Les conduites à tenir lorsqu’un salarié est ivre sur le lieu de travail

Les organisations syndicales, le corps médical et l’inspection du travail de la région Normandie ont conjointement rédigé un guide à ce sujet. Il fixe entre autre la conduite à tenir lorsqu’un salarié est ivre dans l’entreprise. (voir ici )
Voici ce qui est préconisé et qui me parait judicieux. :

  • 1 identifier les signes de troubles du comportement du salarié,
  • 2 appeler le secouriste le plus proche pour conseils
  • 3 faire cesser la situation et informer le responsable si cela n’a pas été fait avant.
  • 4 accompagner la personne vers un lieu où les risques seront limités (salarié violent : Appeler la Police – Tél. 17)
  • • utiliser éventuellement l’alcootest dans les conditions prévues dans le règlement intérieur.
    • demander un avis médical auprès du médecin du travail
    En cas d’absence, contacter :
    • le SAMU – Tél. 15
    • SOS médecin
    • un médecin généraliste.

  • 5 noter par écrit les indications du médecin contacté :
  • • reprise du travail,
    • retour au domicile accompagné par un membre de l’entourage personnel, extérieur à l’entreprise,
    • hospitalisation par le SAMU.

  • 6 procéder aux mesures qui ont été prescrites.
  • 7 rédiger le constat
  • 8 informer le médecin du travail si ce n’est déjà fait
  • 9 Dès la reprise d’activité :
  • • prévoir un entretien de la personne avec l’autorité hiérarchique pour rappeler les faits,
    • organiser une consultation avec le médecin du travail.

Quelles suites à donner une fois l’incident clos ?

Un entretien est absolument nécessaire au retour du salarié pour bien acter que les faits qui se sont déroulés sortent du cadre du travail et du comportement attendu de tout salarié.

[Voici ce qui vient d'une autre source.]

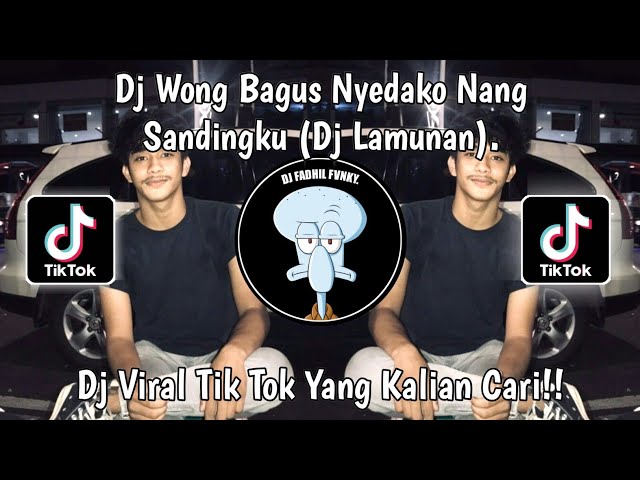 DJ WONG BAGUS AGE NYEDAKO NANG SANDINGKU |DJ LAMUNAN FUNKOT VIRAL TIK TOK TERBARU YANG KALIAN CARI! class=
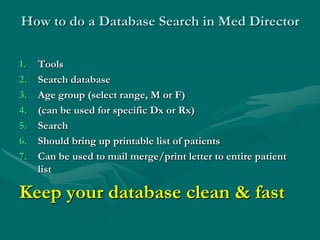 How to do a Database Search in Med Director

1.   Tools
2.   Search database
3.   Age group (select range, M or F)
4.   (can be used for specific Dx or Rx)
5.   Search
6.   Should bring up printable list of patients
7.   Can be used to mail merge/print letter to entire patient
     list

Keep your database clean & fast
 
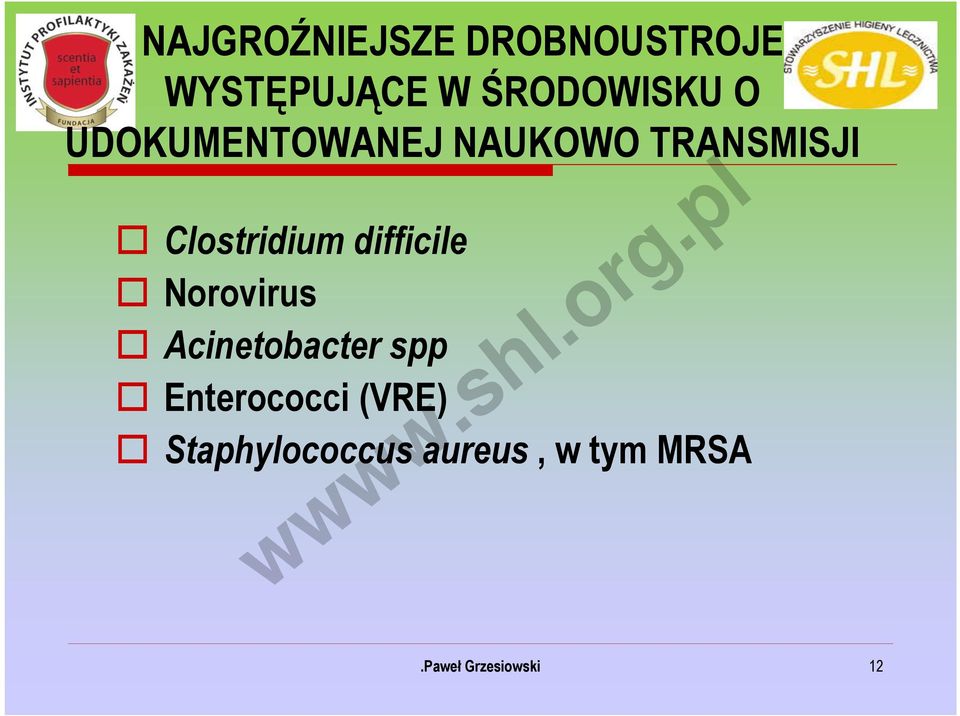 Clostridium difficile Norovirus Acinetobacter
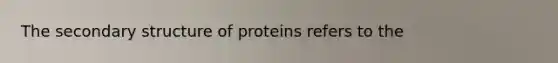 The secondary structure of proteins refers to the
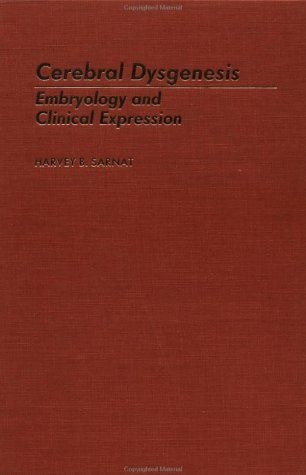 Cerebral Dysgenesis: Embryology and Clinical Expression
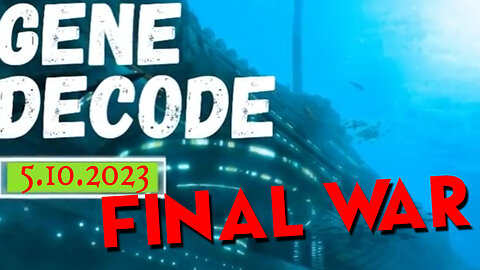 FINAL WAR - Gene Decode BREAKING News 5-10-2023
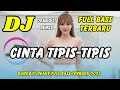 Download Lagu DJ CINTA TIPIS TIPIS 💜 VIRAL TIKTOK TERBARU | DANGDUT REMIX FULL BASS | DJ X PRO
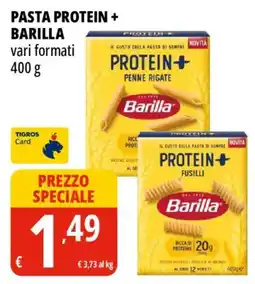 Tigros Pasta protein + BARILLA offerta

Le pouvoir disciplinaire du chef d’entreprise :

La jurisprudence de la cour de cassation est constante et abondante : se trouver en état d’ébriété dans l’entreprise constitue une faute grave justifiant un licenciement si :
• cela l’empêche d’effectuer correctement son travail (Cour de cassation, chambre sociale – 23 septembre 2009, n° 08-42.198),
• cela compromet la qualité du travail, porte atteinte à la sécurité du salarié et à celle des autres et engage la responsabilité de l’employeur (Cour de cassation, chambre sociale – 21 avril 2010, n° 08-70.411),
• cela risque de ternir durablement l’image de l’entreprise (Cour de cassation, chambre sociale – 9 février 2012, n° 10-19.496).

La démarche d’aide au salarié ayant un problème avec l’alcool :

Reste un problème de taille et de conscience : licencier ou bien aider un salarié qui est malade de l’alcool. Une consultation chez le médecin du travail est incontournable. Elle permet une prise en charge médicale aussi précoce que possible. Il s’agit d’une action ou chaque partie à quelque chose à gagner : Le maintien dans l’emploi est primordial pour la guérison, l’entreprise garde la compétence d’un salarié formé.